Ross: Arresting the gun, but not the shooter
Some states have been responding to mass shootings by passing what are called “red flag Laws.” Named for the red flags in a shooter’s background that always seem so obvious in hindsight.
These laws allow a court to consider red flags ahead of time, and if those flags are red enough, a judge can order that person’s weapons removed. Obviously, you can’t arrest a person for what they haven’t done yet. So instead, states arrest their guns. Which one man finds ridiculous.
“I basically goes after the second, fourth, fifth, sixth, and seventh amendments,” said Philip Van Cleave, President of the Virginia Citizens Defense League.
The league is a group that considers the NRA moderate, and that red flag laws are not only unconstitutional, but illogical.

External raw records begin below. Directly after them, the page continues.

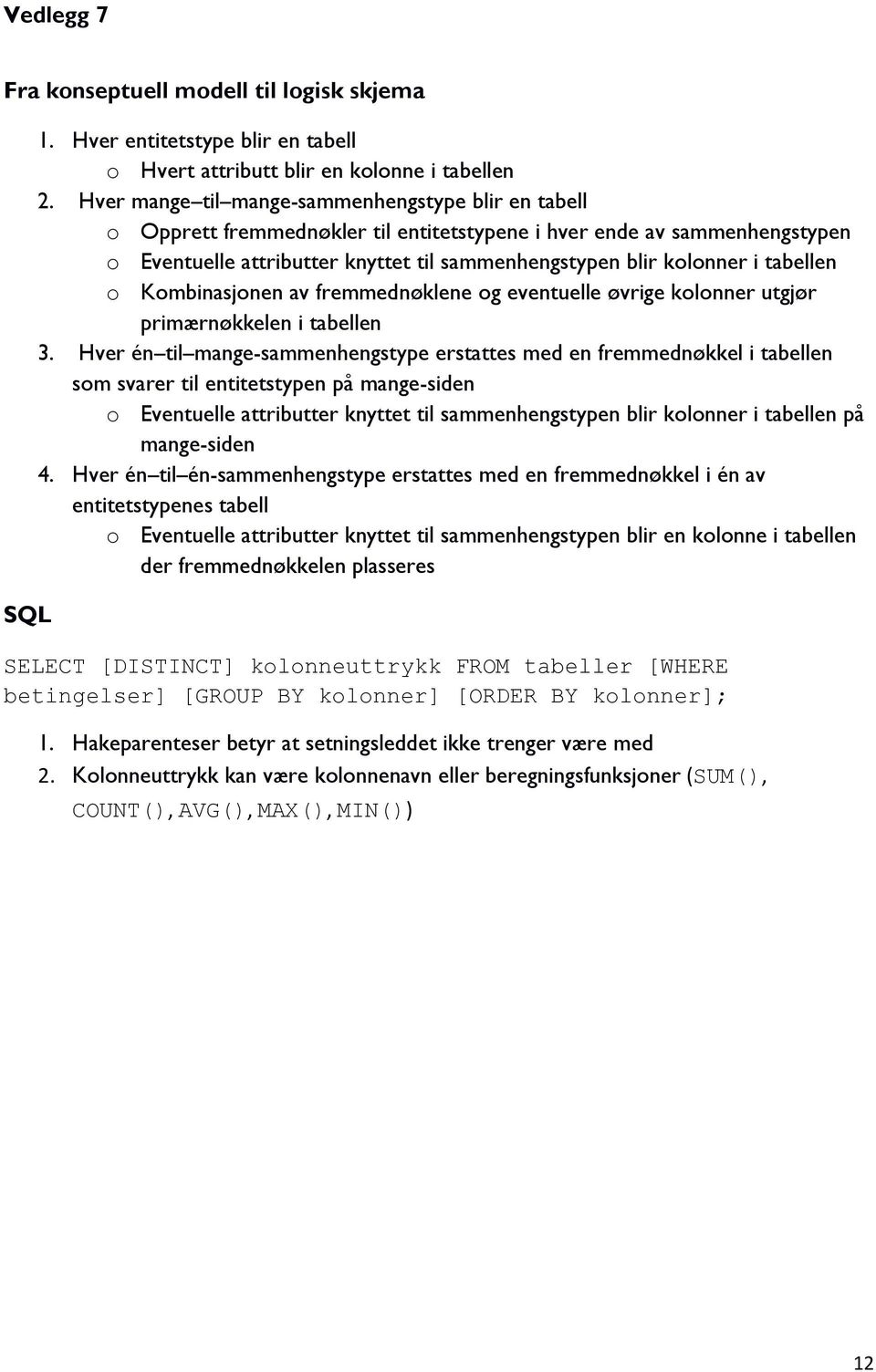 tabellen o Kombinasjonen av fremmednøklene og eventuelle øvrige kolonner utgjør primærnøkkelen i tabellen 3.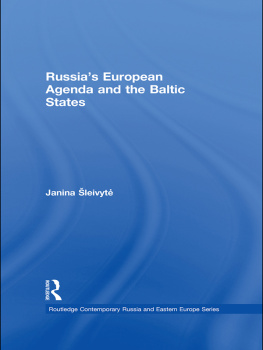 Janina Leivyte Russias European Agenda and the Baltic States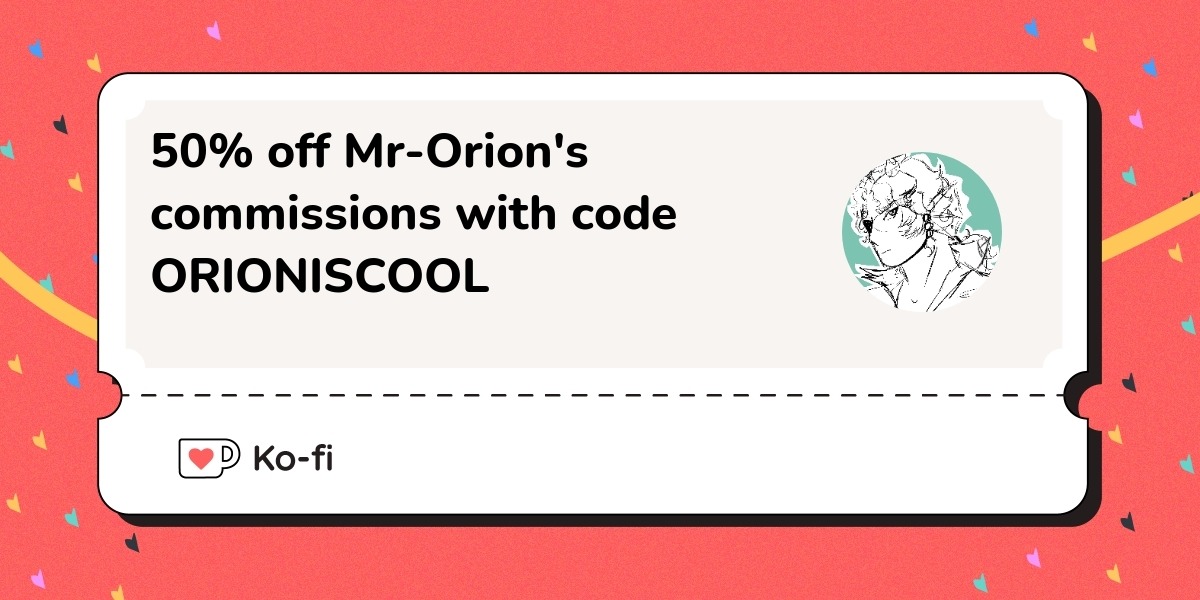 40% discount off Mr-Orion's Commissions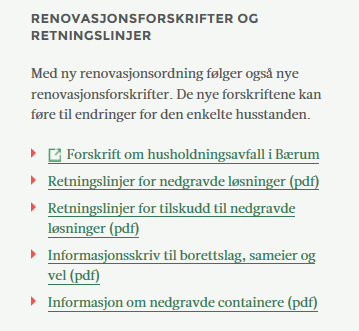 Nedgravde løsninger Standard dimensjoneringskriterier og hentefrekvens 15 l matavfall og 50 l restavfall henting hver 2. uke (volum x 2) 40 l papp/papir og 40 l plastemballasje henting hver 4.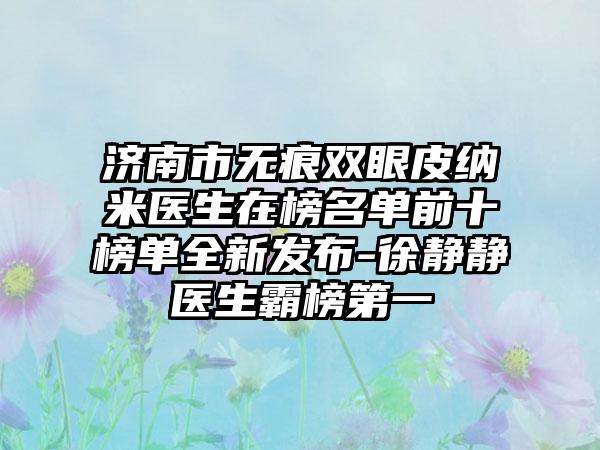 济南市无痕双眼皮纳米医生在榜名单前十榜单全新发布-徐静静医生霸榜第一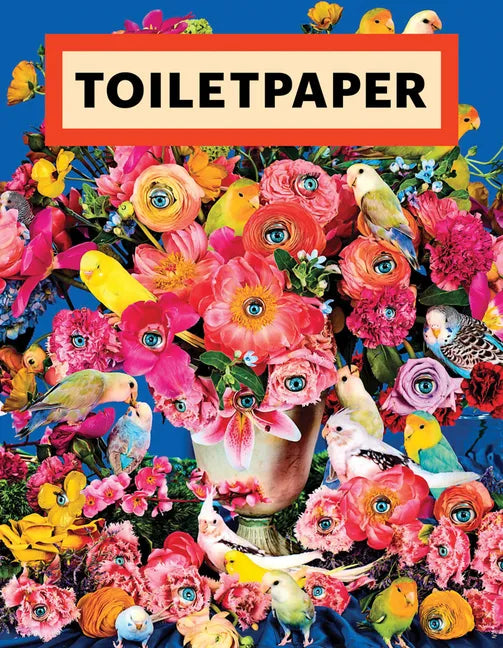 Toilet Paper: Issue 19 - Paperback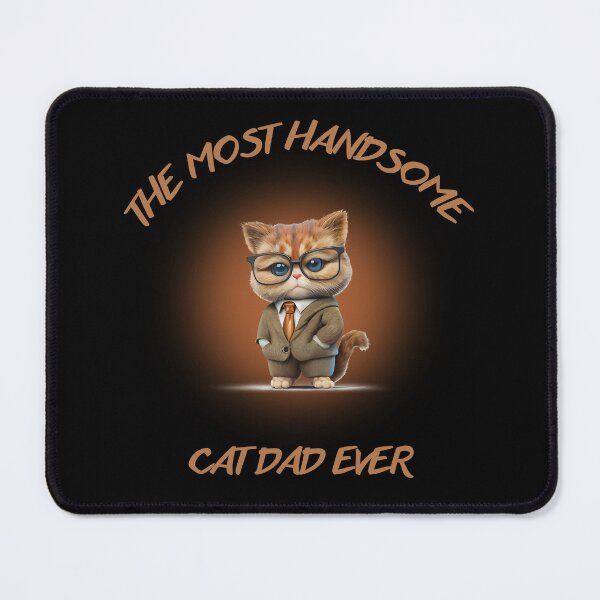 Item preview, The most handsome cat dad ever designed and sold by Kedo123.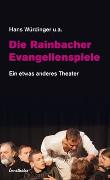 Die Rainbacher Evangelienspiele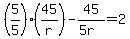 %285%2F5%29%2845%2Fr%29-45%2F%285r%29=2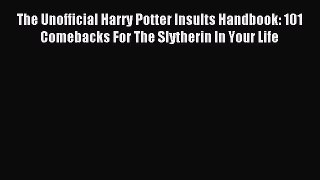 Read The Unofficial Harry Potter Insults Handbook: 101 Comebacks For The Slytherin In Your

“They’re all about gun confiscation,” he said. “If it was about helping somebody or preventing a crime, they would do something with the individual. He’s the danger.”

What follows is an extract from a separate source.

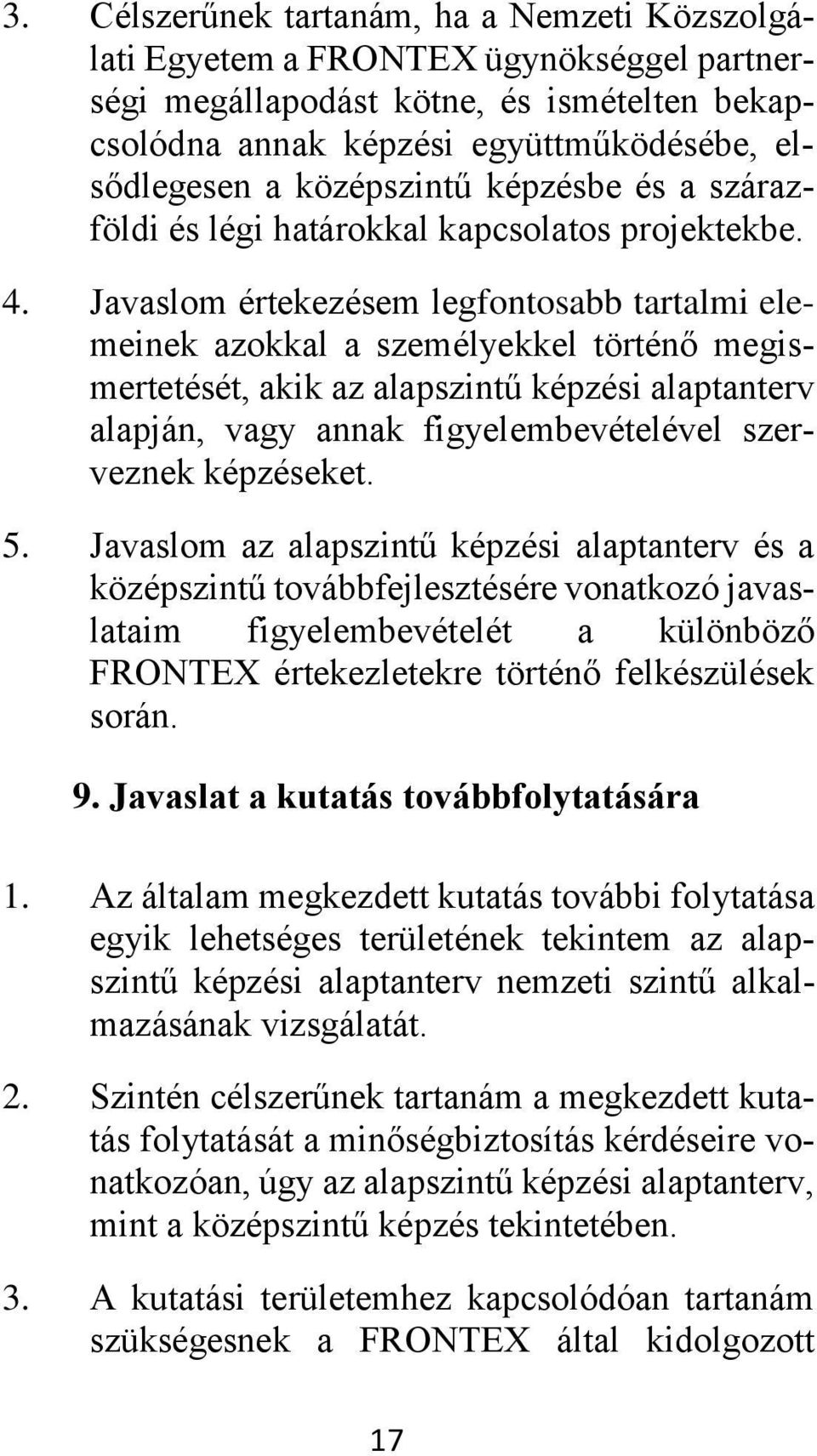 Javaslom értekezésem legfontosabb tartalmi elemeinek azokkal a személyekkel történő megismertetését, akik az alapszintű képzési alaptanterv alapján, vagy annak figyelembevételével szerveznek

So where does that idea lead us? Well, if you believe that the Constitution protects easy access to powerful weapons, it means you have a choice: To accept the occasional mass shooting, or to conclude that in an armed society, if someone sends up red flags, his weapons should be left alone, but he should be confiscated.
That is, until he’s well-regulated enough to be trusted with a military-style, semi-automatic, and unlimited ammo. Shouldn’t be too hard.